Sunday 5 February 2012

A’Ibom Elders React to National Issues, Say All Not Well With Nigeria

A’Ibom Elders React to National Issues, Say All Not Well With Nigeria

Elder statesmen, past political and economic players from Akwa Ibom state, last week rose at a meeting convened by the organization, Adaha Akwa Ibom Organization, and declared that all was not well with the country. The Elders said that the spate of violence and the reaction of a section of the country to the unfolding issues of the activities of Boko Haram portend danger to the country if not well tackled. The group, which aims at presenting the voice of Akwa Ibom people, the way Afenifere, Oha N’Eze Nd’Igbo, Arewa Consultative Forum, does for the South West, South East and the North, respectively, condemned the near tacit approval of the activities of the Boko Haram insurgents, and called on northern elders to call their youths to order.
“We call on Northern Elders and Leaders (including Alhaji Umaru Dikko who once chided Southern Elders for not controlling their youths) to come out of their slumber and control their youths who are now activists inside Boko Haram and call them to order forthwith. For, as Mr.
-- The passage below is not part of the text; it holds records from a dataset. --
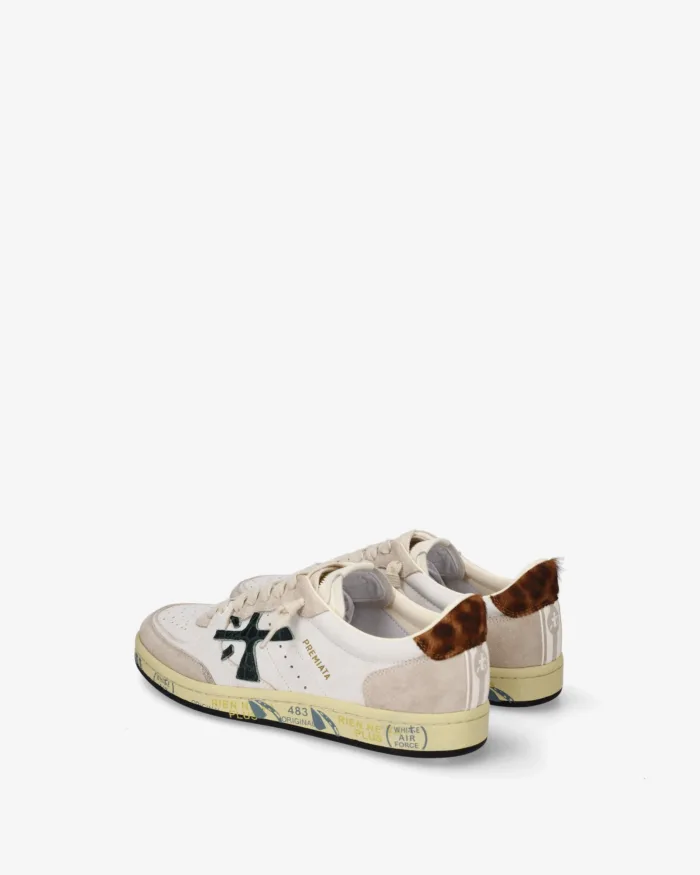 Sneakers Premiata Donna in Pelle Bianca e Camoscio Tortora Dettagli Verdi art. Bskt Clayd 8472, foto 5 di 5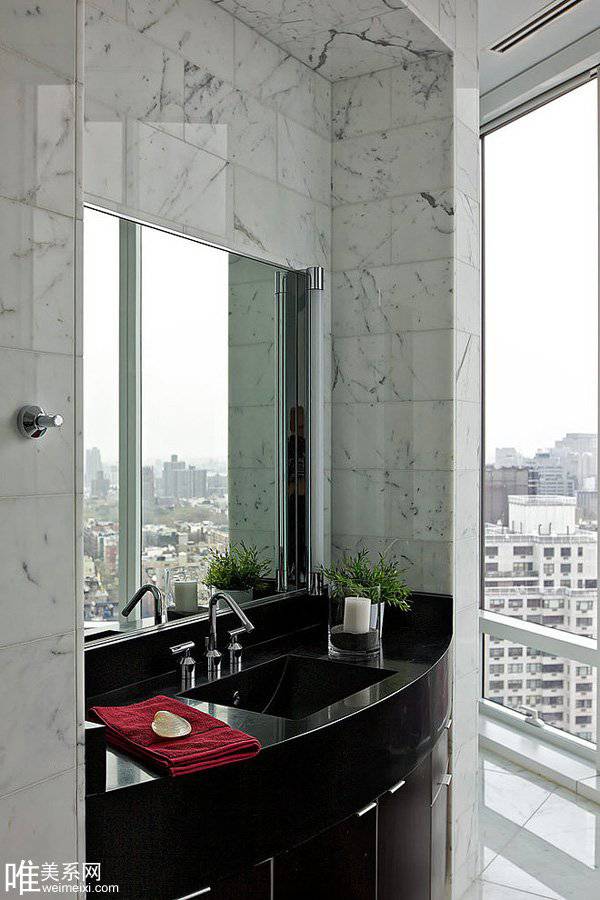 现代简约复式套房装修效果图欣赏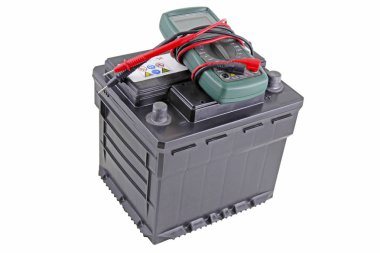 Yalıtılmış bir akü ile bir multimetre üzerinde beyaz zemin üzerine pozitif ve negatif şarj top / atlama araba pil terminalleri için bağlı müşteri adayları başlatmak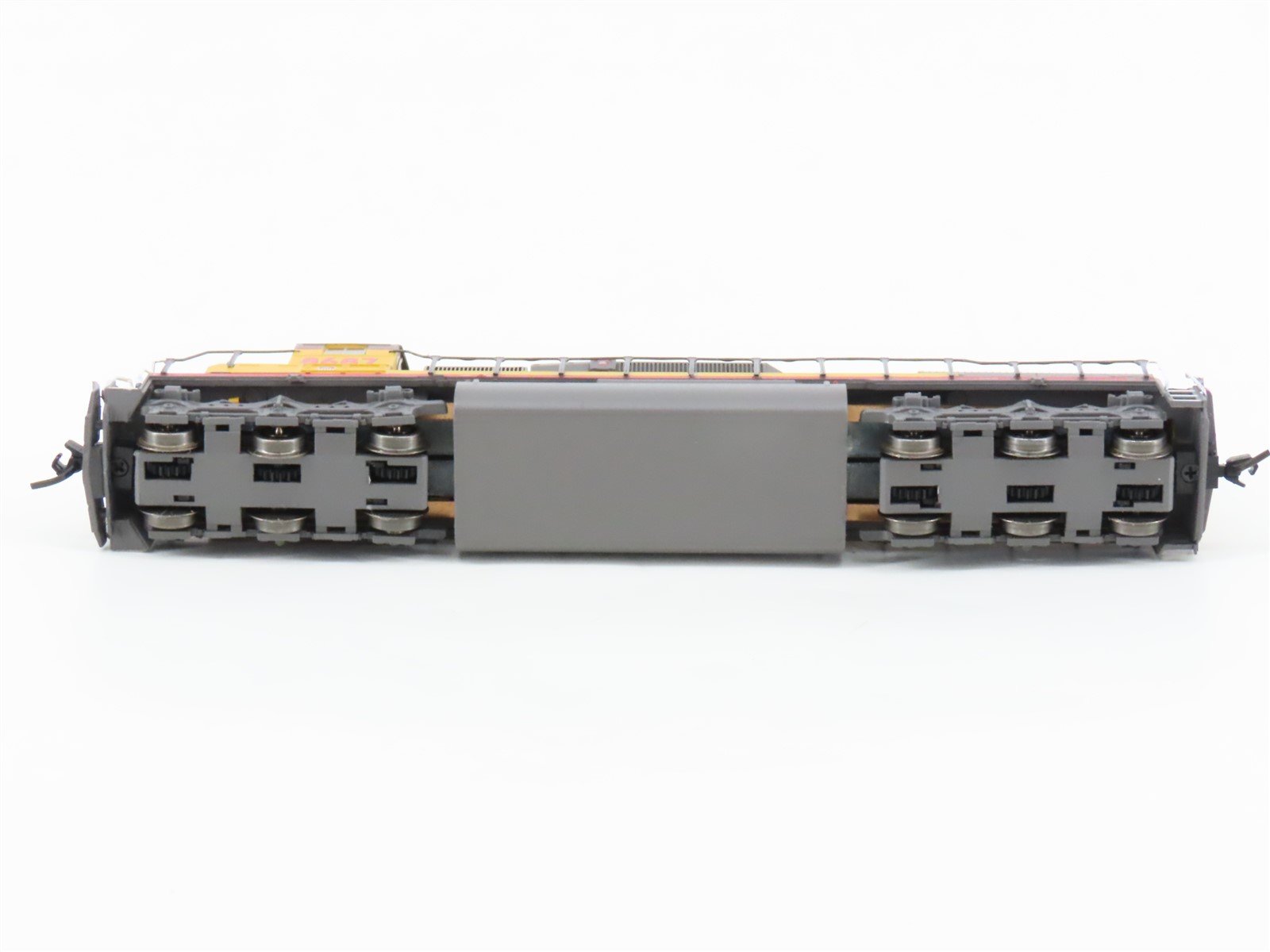 N Scale Intermountain 69406-04 UP Union Pacific SD40T-2 Diesel Locomotive #8687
President rightly observed, Boko Haram are not spirits, they live in the midst of people in the North”, the communiqué the group presented read.
The group of Elder statesmen, frowned at the comparison recently made between the youth restiveness in the Niger Delta and the insurrection by Boko Haram in the north and said such comparison lacks factual bases. “Adaha wishes to unequivocally debunk the unholy comparison by some Northern elements (like the so called Arewa Citizens Action for change, in the Daily Sun Newspaper of 27th January 2012) of Boko Haram with the erstwhile Niger Delta militancy. We maintain that such comparison lacks both basis and merit. For the avoidance of doubt, militancy in the Niger Delta Region was a consequence of years of resource exploitation (including oil lifting, allocation of oil blocks, local content, employment opportunity, non-compensation for oil spill and ecological damages etc) and total neglect of the region’s infrastructure, welfare and provocative marginalization from the benefits of the oil and gas industry. The militants were fighting for the emancipation of the Niger Delta citizens, and their leaders were not faceless”, the group posited.
They then called on President Jonathan to take very serious actions in tackling the Boko Haram challenges. The group further berated those it called traditional allies, now turning out to be the champions of hate against the south south people and a threat to the leadership of a south south son as Nigeria’s president. The communiqué signed by the group’s National President, Obong Michael Afangide and secretary, Dr Maurice Ebong, in the light of prevailing situation in the country called for a National Conference that would not be sovereign to be convened for the various ethnic groups in Nigeria to come together and dialogue on the way forward for the country, urging all ethnic groups in Nigeria seeking for self determination to do so without shedding innocent blood.